僕は成り行きで彼女と一夜をともにすることになりました。

彼女と僕は同じバイトをしていて、その一夜を共にした後は一度も顔を合わせることはありませんでした。

僕は彼女の名前すら知らず、知ってることと言えば彼女が短歌を作っていて、一冊の歌集を出しているということぐらいでした。

その歌集の中のいくつかの短歌は深く僕の心に残りました。短歌の内容は大体が男女の愛と人の死に関するものでした。

彼女はする前に僕に対して、いっちゃう時にほかの男の名前を叫んでしまうかもしれないと僕に言いました。

僕の住んでいたアパートは壁が薄かったため、大きな声を出されたら困るので、叫ぶときはタオルを噛むと彼女は言います。

彼女とは半月ほど一緒にイタリア料理屋さんでバイトをしていましたが、僕は皿洗いなどのキッチンで、彼女はホールスタッフだったためあまり会話を交わすことはありませんでした。

アルバイトをしているのは彼女を除き全員学生で、彼女だけ学生ではありませんでした。

中央線快速電車

彼女が12月の半ばにバイトを辞める際に、バイト先の何人かで飲みに行きました。

その飲みの場で、彼女が以前不動産会社や書店員をしていたが、上司や経営者とうまくやれず辞めてしまったと僕は知ります。
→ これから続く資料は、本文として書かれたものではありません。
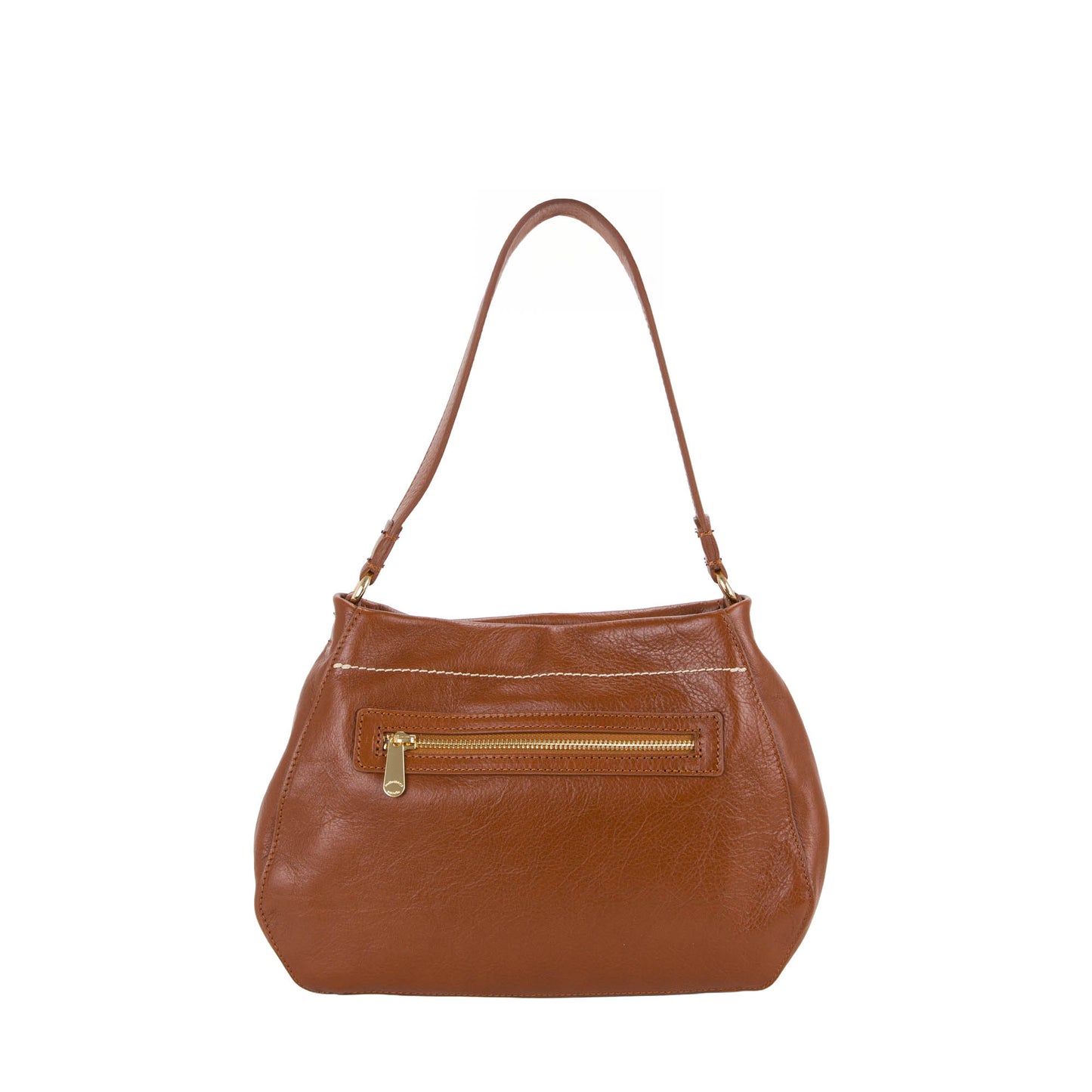 Borsa a Spalla & Tracolla 'Bronzin' in Pelle Cuoio - Pelletteria Veneta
今のバイト先ではうまくやれていましたが、給料が安すぎるから新しい仕事を探すとも言っています。

僕はその時阿佐ヶ谷に住んでいて、彼女は小金井に住んでいたので、四ツ谷の駅から一緒に中央線快速に乗って帰りました。

電車が阿佐ヶ谷につき、僕が下りようとすると、彼女が僕を見上げて良ければ泊めてもらえないかと聞いてきます。

僕は狭いし散らかっているといいましたが、彼女は気にしないといいます。

アパートへ

僕と彼女は僕の住むアパートに来て、2人で缶ビールを飲みます。

時間をかけてビールを飲んでしまうと、彼女は当たり前のように服を脱ぎ裸になると、布団に入ります。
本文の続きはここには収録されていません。